Even more importantly, Inna's spirit continues to live on through everyone in the family. Inna was a compassionate, kind, and loving person. The material things -- they did not matter to Inna. She was more concerned about what she can provide to others. Inna was always proud that the family was together and close to each other. This is what mattered to her the most and this is what gave her the most satisfaction. These altruistic characteristics -- the selflessness, kindness, benevolent -- I have continually witnessed from everyone. I believe that this is truly a legacy from Inna. The examples she had set continue to be carried out. I have no doubt that Inna's exemplary acts provide a lesson and a message that the younger generation have discovered or will discover, and will continue to be carried out. I offer a most heartfelt birthday greetings to Inna.
As I reported on my last blog, I did manage to clean up my apartment and organize a little bit. I still need another good day to finish. But it will not be this weekend. This is a 3-day weekend, but I will stretch it to a 4-day period. A group of folks from the engineering section is planning on visiting Bilbao, Spain. I will be to joining them. We depart Wiesbaden early Friday morning, and return Monday afternoon. We were able to find cheap airfare.
Bilbao is one of the larger cities of Spain, a bit smaller than Seattle. It is located on the northern coast of Spain. It is part of the Basque region. It is known for its Guggenheim Museum of Modern Art that was designed by Frank Gehry – the same Frank Gehry who designed the colorful, geometrically curvy, and “corner challenged” EMP of Seattle. I will provide a full report on my trip on my next blog.

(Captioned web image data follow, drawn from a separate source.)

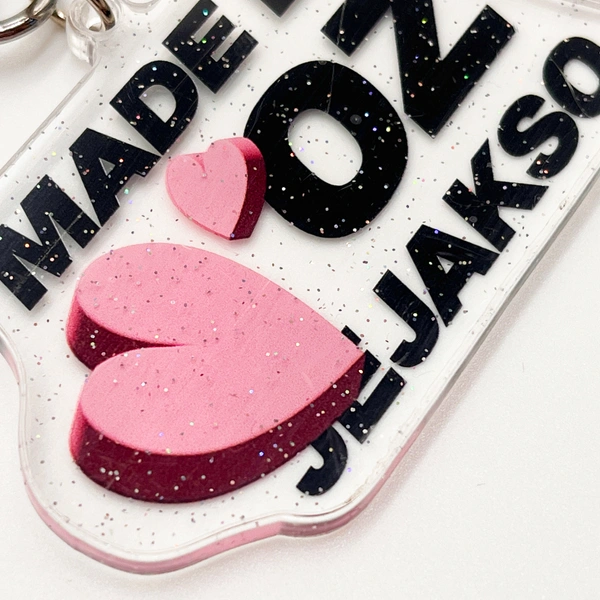 글리터 아크릴, 에폭시키링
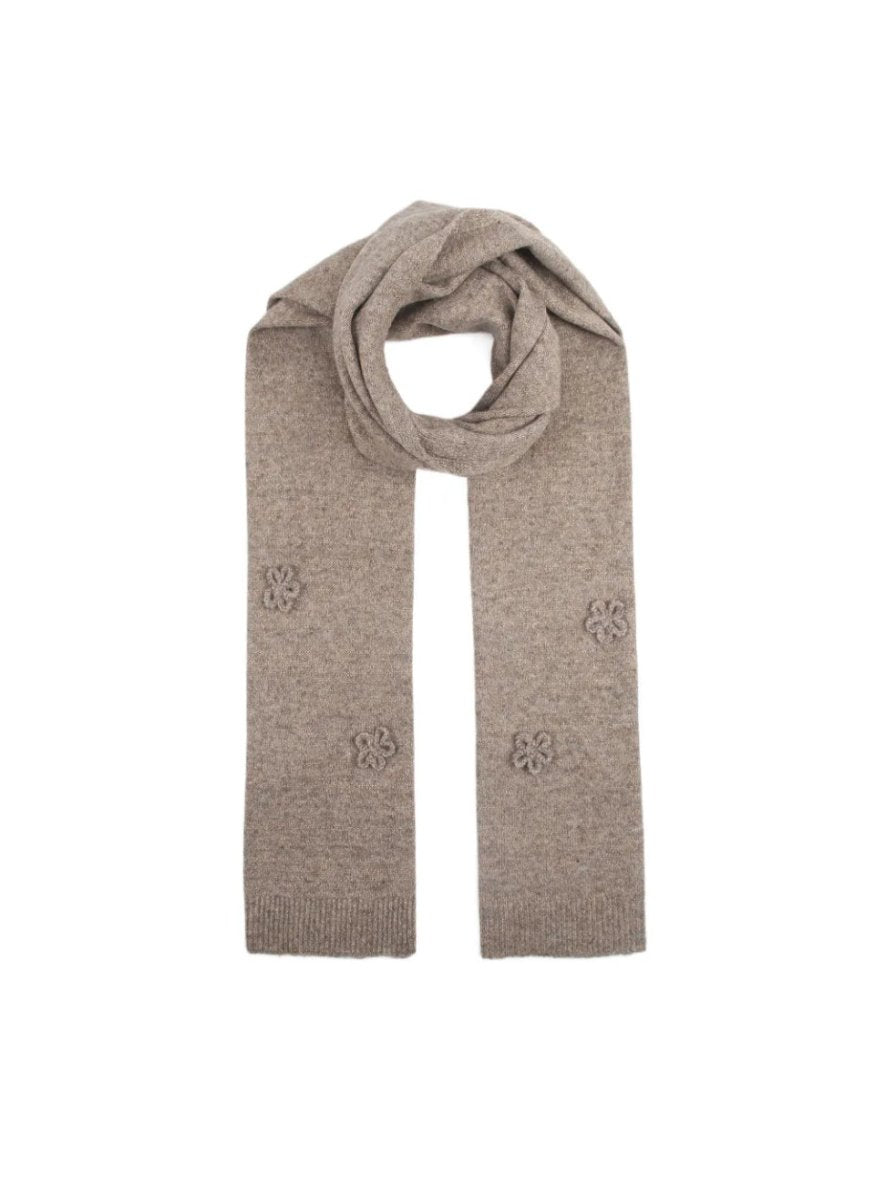 Alma taupe Bloom tørklæde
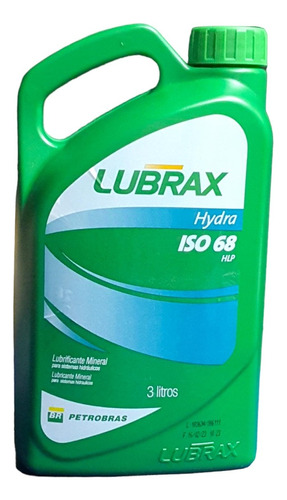 Hydra Iso 68 Fluído Hidráulico Mineral 3 Litros Lubrax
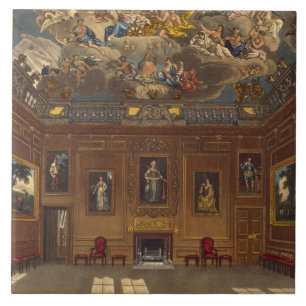 Carreau La salle de l'audience de la Reine, château de
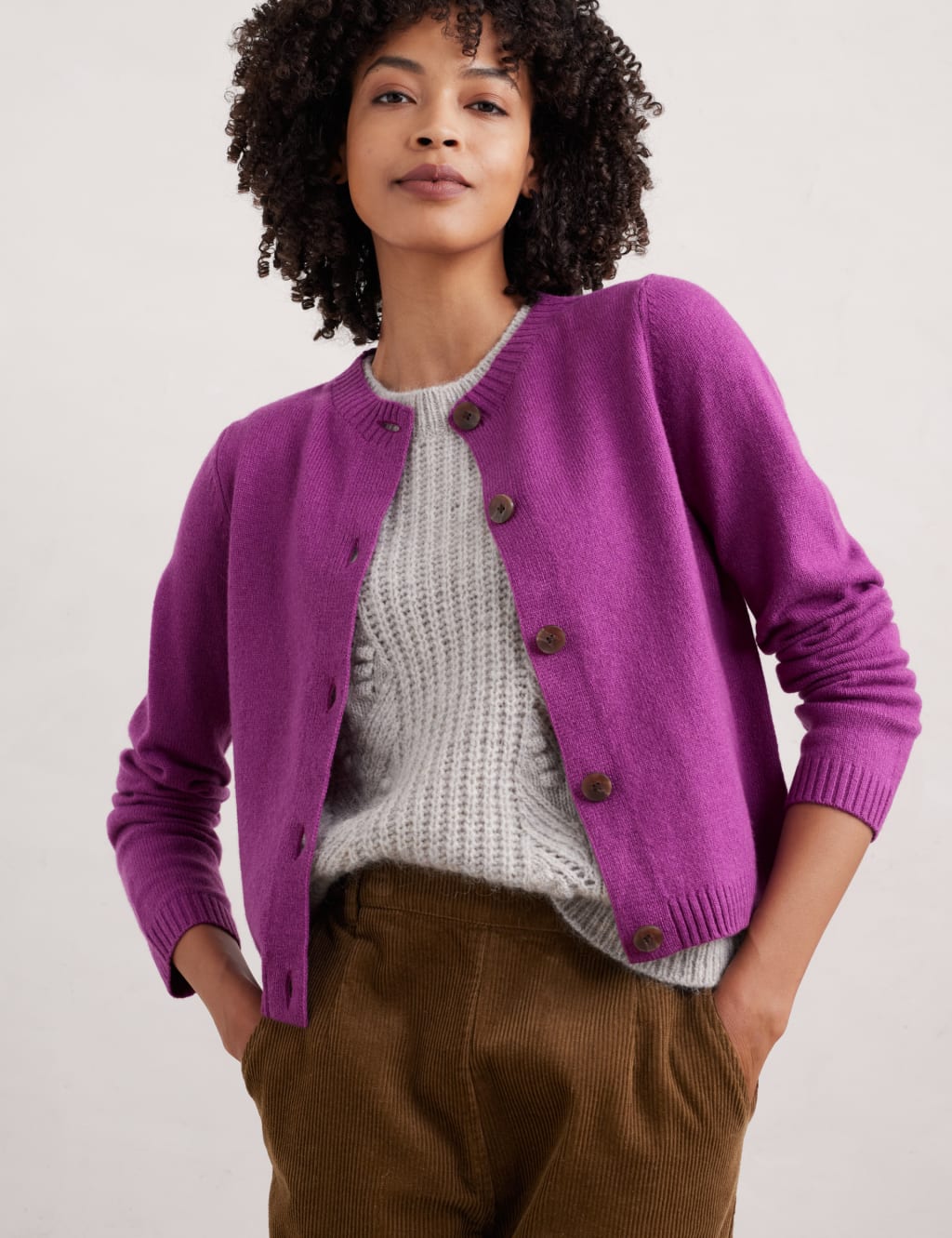 Marks and spencer purple cardigan top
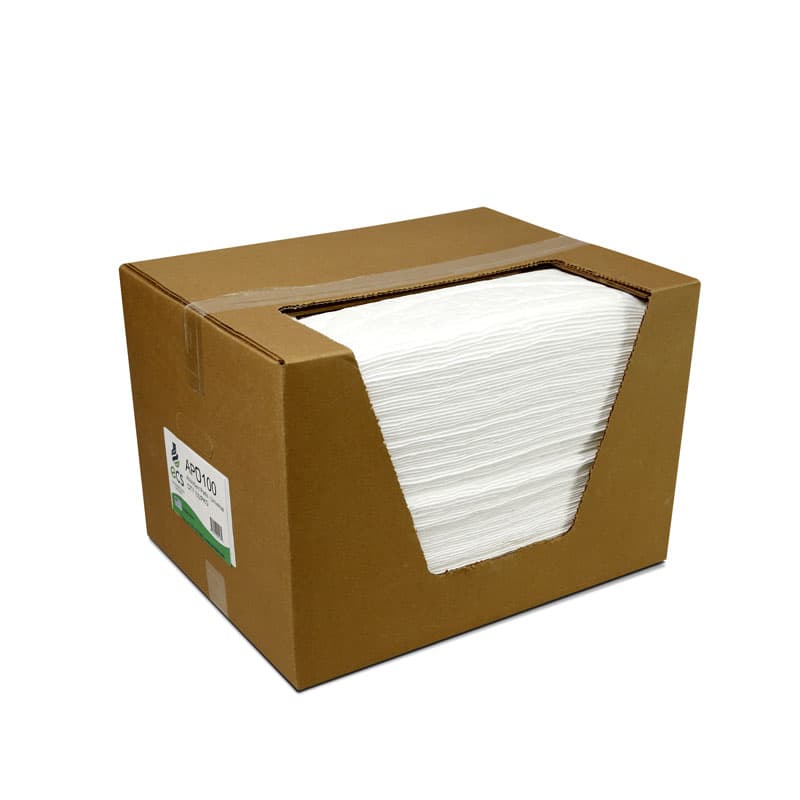 Absorbent Pads — White Oil-Only (100/box)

I will end this posting with a few more random pictures from my travels. The first picture is a former water tower located in Vukovar, Croatia. It is amazing that this tower is still standing. This view does not show the extent of the damage on the top and the other side. There are dangling pieces of bricks, concrete, and rebars. The damage was as a result of the fighting between the Croats and Serbs during the siege of the town, in the early 1990's. Although the town has been rebuilt for the most part, there are still areas and facilities that remain "as is" to remind people of the devastation that the war placed on the city and its people. It is just one of the sites that I saw depicting the horror and destruction that occurred in Vukovar.
This group picture was taken in front of my Resident Office in Camp Taji, Iraq after I hosted a VIP visit by the Corps of Engineers Gulf Region Division Commander, a General, and the Corps of Engineers Gulf Region Central District Commander, a Colonel. No special effects were done to the picture. The sepia-like tonal quality of the picture is due to a sand storm in the region. Photos that were taken later that day show more of an orangy-tint to them. Visibility became an issue later that afternoon as the sand storm got closer to the area. A few of the visitors were not able to make it back that day and stayed with us overnight at my Resident Office.